** Opening DATA FOR THE TASK block **

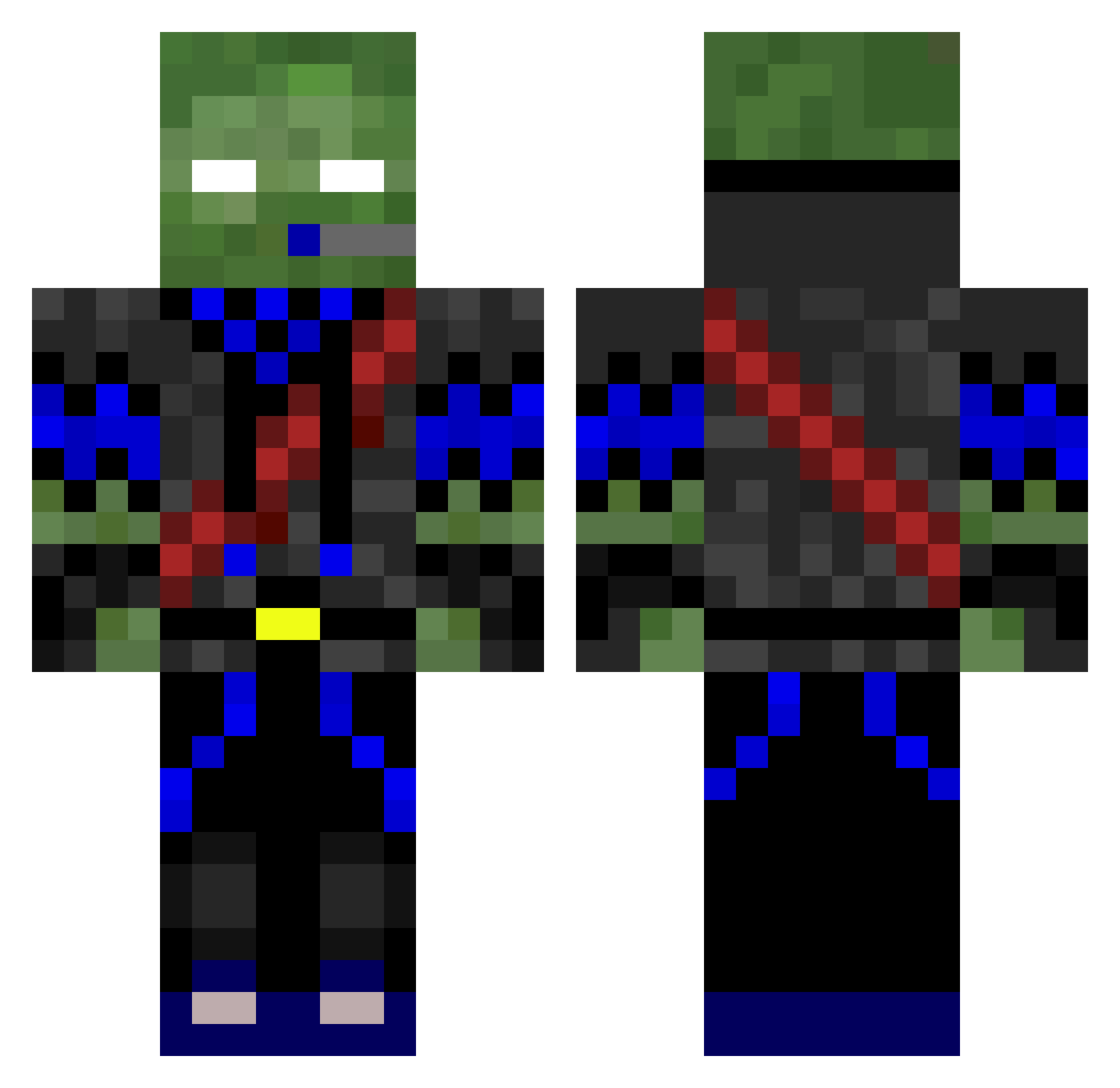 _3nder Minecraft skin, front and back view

** Closing DATA FOR THE TASK block **
** Opening DATA FOR THE TASK block **

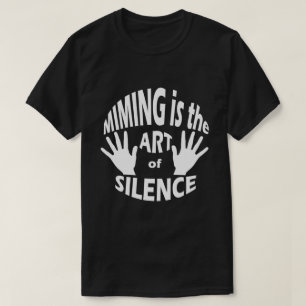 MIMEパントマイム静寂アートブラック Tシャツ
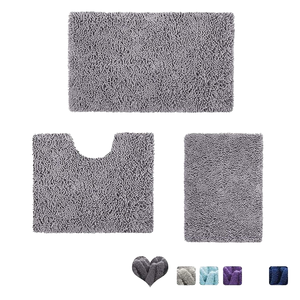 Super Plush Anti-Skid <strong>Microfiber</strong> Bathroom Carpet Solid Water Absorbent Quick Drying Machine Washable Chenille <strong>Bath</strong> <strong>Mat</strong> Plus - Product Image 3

** Closing DATA FOR THE TASK block **

_INSTRUCTIONS TO FOLLOW:_ Could you output exactly the lines above, from the line with "MIMEパントマイム静寂アートブラック Tシャツ" up to and including the line with "Super Plush Anti-Skid", and nothing else, skipping the pictures?

_SOLUTION:_
 MIMEパントマイム静寂アートブラック Tシャツ
 Super Plush Anti-Skid <strong>Microfiber</strong> Bathroom Carpet Solid Water Absorbent Quick Drying Machine Washable Chenille <strong>Bath</strong> <strong>Mat</strong> Plus - Product Image 3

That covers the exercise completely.